[Task directions] Beneath this line are the data; copy exactly the part of them that opens with the line containing "Hello everyone! Happy" and closes with the line containing "What is up guys, Chris", and only that part.

[Supplied data]
★ ★ ★ ★ ★
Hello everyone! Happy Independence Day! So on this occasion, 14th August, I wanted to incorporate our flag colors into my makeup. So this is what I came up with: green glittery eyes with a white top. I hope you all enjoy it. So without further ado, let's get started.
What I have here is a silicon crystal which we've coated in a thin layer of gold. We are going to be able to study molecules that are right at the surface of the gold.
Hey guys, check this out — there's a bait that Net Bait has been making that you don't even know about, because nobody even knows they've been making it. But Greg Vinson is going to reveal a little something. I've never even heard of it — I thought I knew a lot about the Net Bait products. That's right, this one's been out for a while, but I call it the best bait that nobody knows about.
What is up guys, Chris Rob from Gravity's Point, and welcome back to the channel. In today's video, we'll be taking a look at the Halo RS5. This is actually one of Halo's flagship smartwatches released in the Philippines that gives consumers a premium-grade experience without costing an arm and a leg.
★ ★ ★ ★ ★
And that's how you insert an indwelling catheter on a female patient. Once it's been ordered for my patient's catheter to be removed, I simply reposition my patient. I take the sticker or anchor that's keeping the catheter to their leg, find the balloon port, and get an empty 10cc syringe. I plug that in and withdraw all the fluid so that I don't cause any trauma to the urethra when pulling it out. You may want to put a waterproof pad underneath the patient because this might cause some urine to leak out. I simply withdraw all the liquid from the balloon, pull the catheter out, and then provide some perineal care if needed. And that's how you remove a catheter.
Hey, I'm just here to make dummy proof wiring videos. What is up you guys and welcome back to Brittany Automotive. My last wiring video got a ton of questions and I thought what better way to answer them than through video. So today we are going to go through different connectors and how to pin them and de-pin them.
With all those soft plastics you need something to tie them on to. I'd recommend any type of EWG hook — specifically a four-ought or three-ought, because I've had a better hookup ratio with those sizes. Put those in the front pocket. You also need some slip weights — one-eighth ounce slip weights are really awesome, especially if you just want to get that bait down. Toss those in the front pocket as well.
★ ★ ★ ★ ★
[Answer to this problem]
Hello everyone! Happy Independence Day! So on this occasion, 14th August, I wanted to incorporate our flag colors into my makeup. So this is what I came up with: green glittery eyes with a white top. I hope you all enjoy it. So without further ado, let's get started.
What I have here is a silicon crystal which we've coated in a thin layer of gold. We are going to be able to study molecules that are right at the surface of the gold.
Hey guys, check this out — there's a bait that Net Bait has been making that you don't even know about, because nobody even knows they've been making it. But Greg Vinson is going to reveal a little something. I've never even heard of it — I thought I knew a lot about the Net Bait products. That's right, this one's been out for a while, but I call it the best bait that nobody knows about.
What is up guys, Chris Rob from Gravity's Point, and welcome back to the channel. In today's video, we'll be taking a look at the Halo RS5. This is actually one of Halo's flagship smartwatches released in the Philippines that gives consumers a premium-grade experience without costing an arm and a leg.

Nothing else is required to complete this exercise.